Villagers impacted by Stung Treng’s Don Sahong dam fear lodging complaints about its construction. Photo supplied.
Villagers impacted by Stung Treng’s Don Sahong dam fear lodging complaints about its construction. Photo supplied.

Dam’s impacts being felt

Residents of Stung Treng province’s Preah Romkil commune are reluctant to express their concerns over Laos’s Don Sahong hydropower dam since it was endorsed last month by Prime Minister Hun Sen, despite the impacts of the dam already being keenly felt, activists and researchers said yesterday.
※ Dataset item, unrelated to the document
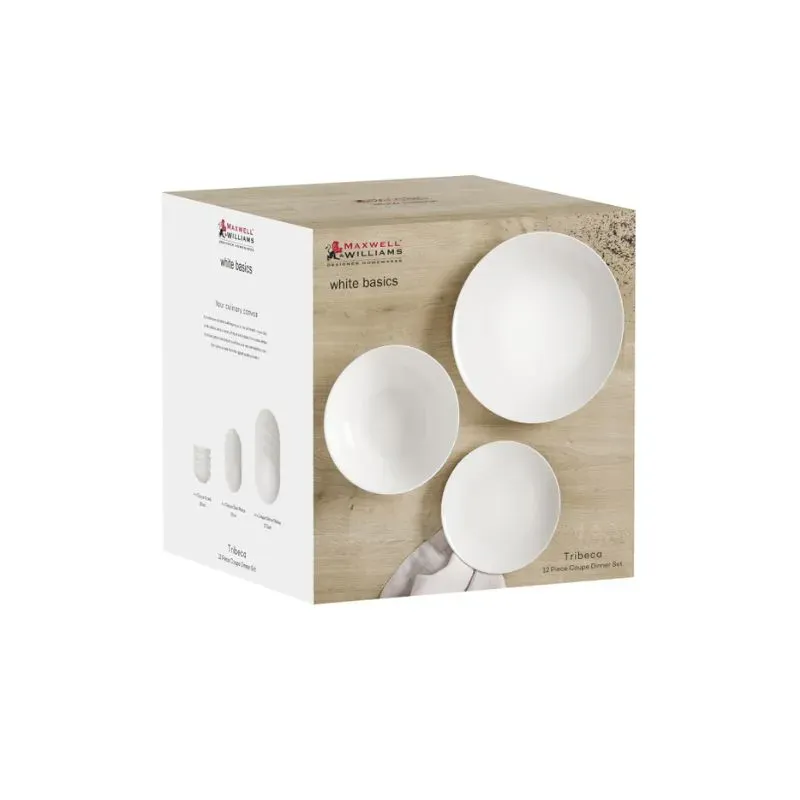 white0327　3個セット Maxwell & Williams 12 Piece White Basics Tribeca Coupe Dinner Set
Hun Sen last month announced his support of the controversial project, expressing hope that Lao would sell electricity to Cambodia at a low price, but activist Chum Hout said yesterday that since the endorsement, community members are fearful of lodging complaints. “We appeal to Samdech [Hun Sen] to stop supporting this project . . . Fishing has seriously fallen,” Hout said.
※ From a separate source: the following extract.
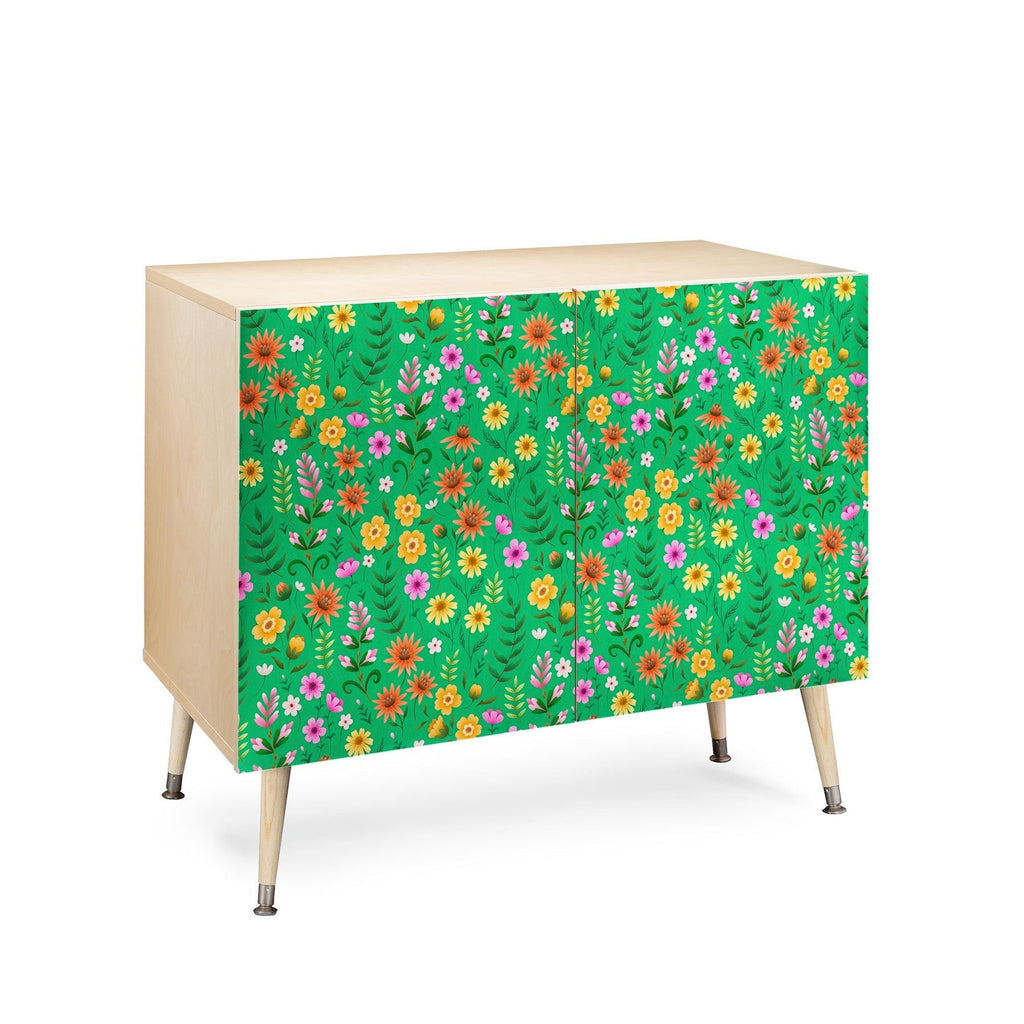Pimlada Phuapradit Ditsy Spring Floral Green Credenza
A group of environmentalists believe that the construction, just 1 kilometre away from the commune, is affecting water quality in the area, and damaging the fishing and tourism industries.

Activist Chhum Kanika, 23, inspected the dam on Tuesday and maintained that stone blasting has hurt the fishing industry and encouraged Irrawaddy dolphins to migrate elsewhere. “Before, there were about seven dolphins . . . and right now we do not see any at all,” Kanika said. “Tourists come to see the Irrawaddy dolphins. If there are no dolphins, there will be no tourists.”

Hem Odom, a Cambodian independent researcher and hydro dam consultant, agreed that construction had impacted the dolphins, saying it interfered with their echolocation.

Government spokesman Phay Siphan said the activists should appeal to the Ministry of Foreign Affairs since the dam is not in Cambodia.